Since engine removal increases the effort exponentially (and it's the port engine) I'm hoping to remove the exhaust to get better access (it's right by the nipple that then goes into a hose to each of the exhaust headers.) I'm hoping this will provide additional access to allow a weld for a repair.

I know a few people have already removed the exhaust without removing the engine, I'm hoping for some tips on the best strategy. Do I remove the bottom 10 bolts hooking the header? Out try to disconnect further up?

Greatly appreciate all tips!!!
 
Removing the exhaust with the engine in the boat can be done but it is a PITA. I have a 2006 but it should be the same as your 08, you will need to take the exhaust off in three pieces by removing the bolts that come up from the bottom into the upper manifolds first then remove the manifolds.
 
Thanks,

I only need the manifolds off....

Any tricks for accessing the bolts on the engine side?

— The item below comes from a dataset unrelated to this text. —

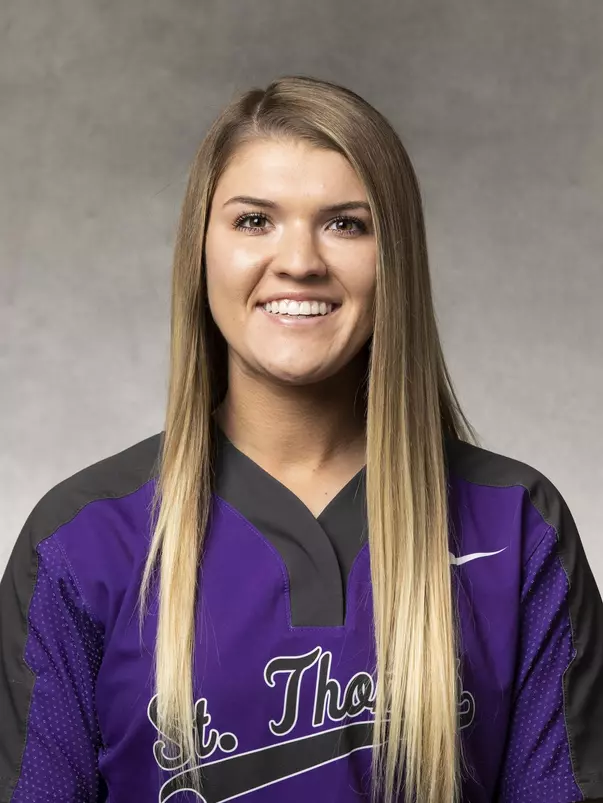 Headshot of University of St. Thomas Softball Player Nicole Pieper, taken October 26, 2021, in St. Paul.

Do i need to undo the bottom bolts, or can the manifold come out attached if I undo the joint from the pipe as it joins the other exhaust piece near the air intake?

Thanks!!!!
 
If I remember correctly the manifold for the outer two cylinders needs to come off first so you can get to the bolts for the manifold for the inner cylinders. The problem is that the manifolds are bolted to the pipe that come up towards the front of the boat. In order to take the manifolds off separately all the bolts that come up from underneath that attach the manifolds to that part of the exhaust need to come out.
 
The first picture is for reference, Not my engine. (The second one is mine)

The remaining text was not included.